資源依存理論

 環境状況と展開される使命、戦略、統治、組織特性との間の相互関係を分析するための重要な視角が組織論の分野で提示されている。このような分析視角の1つが資源依存理論である。資源依存理論は、Thompson, J.D.(トンプソン)などによって端緒が与えられ、Pfeffer, J. and Salancik, G.R.(フェファーとサランシク)によって集大成された。資源依存理論によれば、いかなる組織も自らの事業領域と環境状況を定義するとともに管理しなければならない。環境状況のうちの組織間環境と市場環境は、具体的にはさまざまな資源を所有しコントロールしている他組織のことである。たとえば、非営利組織の組織間環境としては、サービスの提供組織、政府・地方自治体の規制当局、国際組織、徴税機関、理事会、ボランティア、アルバイト、中間支援組織、プロボノ、寄付者、助成団体、金融機関などがあげられる。他方、非営利組織の市場環境としては、サービスの受益者、顧客、類似のサービスを提供する他組織などがあげられる。
 これら組織間環境と市場環境が課す資源の依存性を管理することは、組織のもっとも重要な課題である。
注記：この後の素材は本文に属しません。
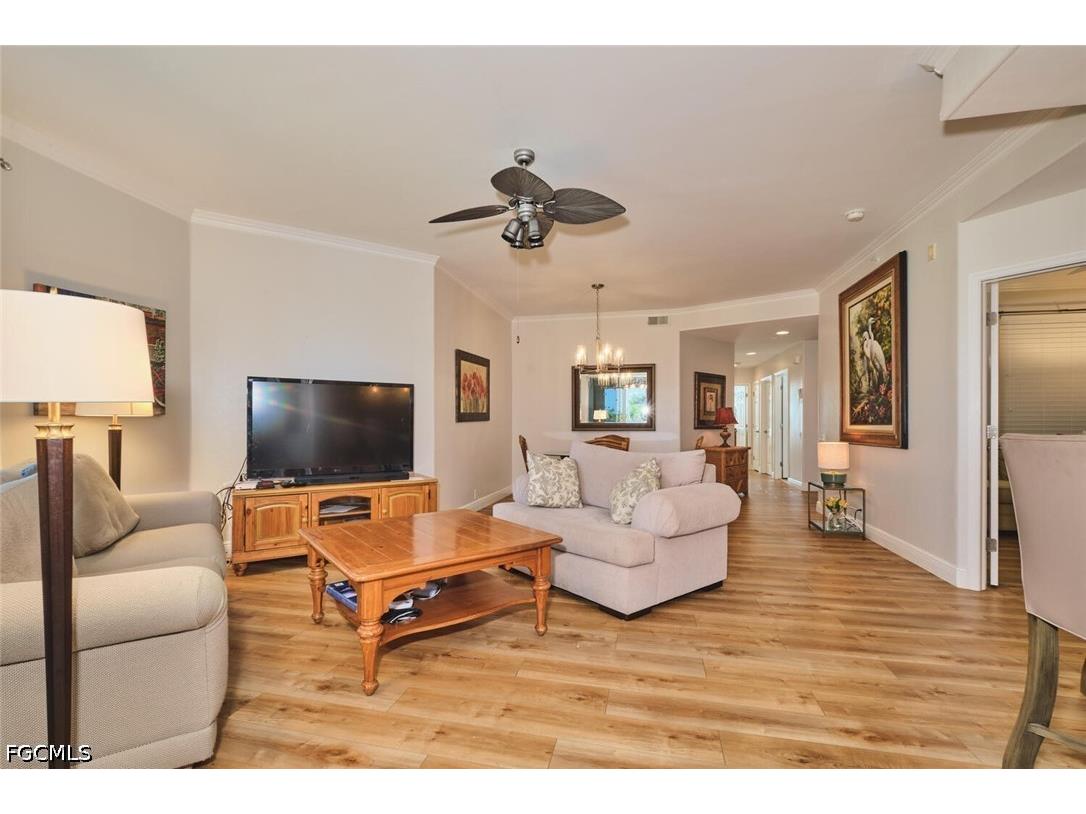 16400 Millstone Circle #206 Fort Myers FL 33908 2026014830 image18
組織は他の組織や個人との間でさまざまな資源の交換を行いながら、当該組織に対し影響を及ぼすとともに当該組織をもっとも必要とする他組織や個人を満足させる必要がある。この資源の依存性に影響を及ぼす構造の次元として、①集中化(特定の環境のもとでのパワーや権限の分散度)、②豊富さ(重要な資源の希少性やその他の資源の利用可能性)、③組織連結度(組織間の連結の数やパターン)の3次元がある。集中が低く、重要な資源が不足し、組織連結度が高い場合、他組織に対する依存性が高くなる。他組織への依存性が高く、他組織との間にコンフリクトが生じると、組織は不確実性あるいは予測不可能性に直面することになる。組織はこれら依存性と不確実性を削減もしくは回避するために、さまざまな組織間関係を展開する。このような組織間関係のマネジメントの方法として、①依存性の吸収・回避を目指す自律化戦略(吸収合併)、②依存性を認め他組織と良好な関係性を形成する協調戦略(人材導入、理事会に他組織の理事会の役員を含む兼任理事制)、③依存性を間接的に操作する政治戦略(ロビー活動、有利な税制・政府規制の獲得)の3つがある。
 この資源依存理論は、なぜ組織間関係が形成・展開されるのか、なぜ組織間にパワー関係が発生するのかを明らかにするとともに、この組織間関係のマネジメントを課題としている。